Not only that: ‘Despacito’ has also become the first video to reach the milestone of 3bn views on YouTube. Not a bad weekend’s work for a track that’s already taken streaming services of all stripes by storm in 2017. But the bigger picture here is still about Latin American artists more generally.
According to YouTube, Latin artists account for more than a third of the top 100 most-viewed musicians of 2017 so far, with the likes of Nicky Jam, Maluma, J Balvin and Ozuna all having notched up more than 1bn views this year alone.
YouTube says that monthly views of Latin acts generally are up by 178% in the UK; by 185% in France; by 352% in Egypt and by 940% in Indonesia, as a snapshot of the global growth for artists from the region that’s emerging as the new spawning ground for streaming hits.
More stats? YouTube says that 19 Latin songs are in its top 100 most-viewed videos of all-time chart, up from five in July 2015. It also says that Puerto Rican acts like Ozuna, Daddy Yankee, Wisin, Bad Bunny and Luis Fonsi get more than 99% of their views from outside their native country – admittedly less of a surprise given its population of 3.4 million people.
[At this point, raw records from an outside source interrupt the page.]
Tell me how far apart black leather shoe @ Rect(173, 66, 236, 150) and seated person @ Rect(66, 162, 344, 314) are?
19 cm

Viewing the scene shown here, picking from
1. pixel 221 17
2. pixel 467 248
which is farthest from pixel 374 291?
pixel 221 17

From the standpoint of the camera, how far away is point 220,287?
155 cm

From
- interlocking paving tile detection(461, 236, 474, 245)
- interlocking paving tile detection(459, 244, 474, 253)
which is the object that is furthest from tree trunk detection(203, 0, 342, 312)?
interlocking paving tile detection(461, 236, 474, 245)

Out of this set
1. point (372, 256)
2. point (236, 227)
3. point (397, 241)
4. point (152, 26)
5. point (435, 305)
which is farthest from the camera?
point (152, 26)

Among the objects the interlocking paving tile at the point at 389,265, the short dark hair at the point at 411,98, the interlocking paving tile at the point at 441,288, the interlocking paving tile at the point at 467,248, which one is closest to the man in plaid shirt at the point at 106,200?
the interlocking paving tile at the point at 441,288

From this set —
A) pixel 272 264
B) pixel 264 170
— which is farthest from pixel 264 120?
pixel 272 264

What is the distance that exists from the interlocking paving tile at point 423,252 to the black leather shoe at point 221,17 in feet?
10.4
But note the pace at which ‘Despacito’ has risen: it took just 203 days for it to become the most-viewed YouTube video ever, compared to the 827 days it took ‘See You Again’ to overhaul PSY’s ‘Gangnam Style’. More YouTube stats show the way its 3bn+ views have been spread around: 385m views in Mexico and 224m in Brazil, but countries like Italy (146m), France (85m), Indonesia (41m), the UK (38m) and India (33m) have chipped in too.
The debate will continue about YouTube’s value to musicians and to the music industry of course. Information is Beautiful’s recent estimate of an average YouTube per-stream payout for signed artists of $0.0007 suggests just $2.1m of revenues for a Despacito-sized hit on the platform.
But YouTube appears to be underpinning the song’s popularity on all platforms: the remix starring Justin Bieber is still getting 4.3m+ daily plays on Spotify for example, with the original version adding another 1.9m+ on that service.